▶ _Your goal_:
Reproduce the listing below exactly, minus its pictures.

▶ _Provided data_:
----

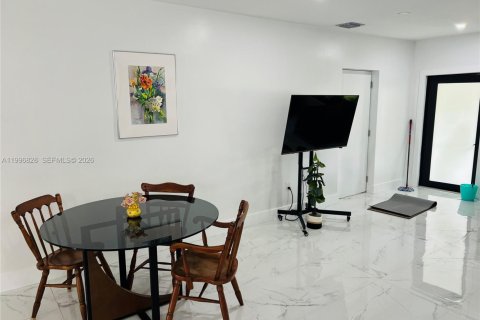 Casa en venta en North Miami, Florida, 3 dormitorios, 171.5 m2 № 2058725 - foto 16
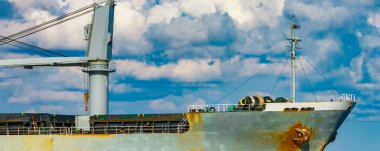 Gri kargo gemisi. Lojistik ve mal nakliyatı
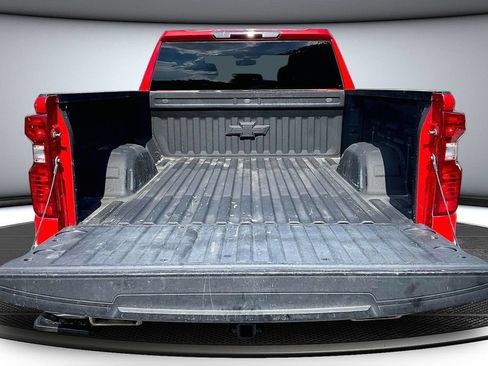 Used 2021 Chevrolet Silverado 1500 LT AWD/4WD image 7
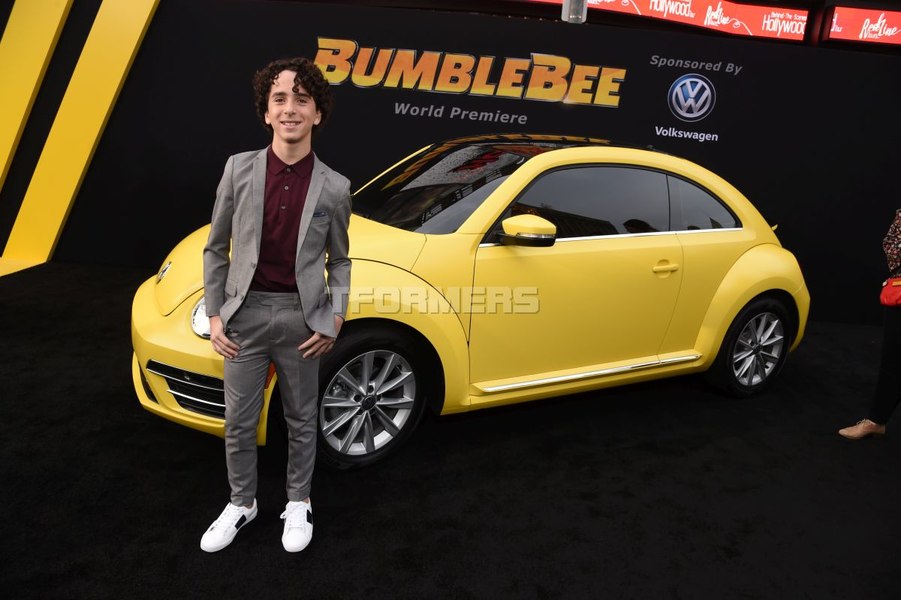 Transformers Bumblebee Global Premiere Images  (17 of 220)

----

▶ _Final answer_:
 Casa en venta en North Miami, Florida, 3 dormitorios, 171.5 m2 № 2058725 - foto 16
 Gri kargo gemisi. Lojistik ve mal nakliyatı
 Used 2021 Chevrolet Silverado 1500 LT AWD/4WD image 7
 Transformers Bumblebee Global Premiere Images  (17 of 220)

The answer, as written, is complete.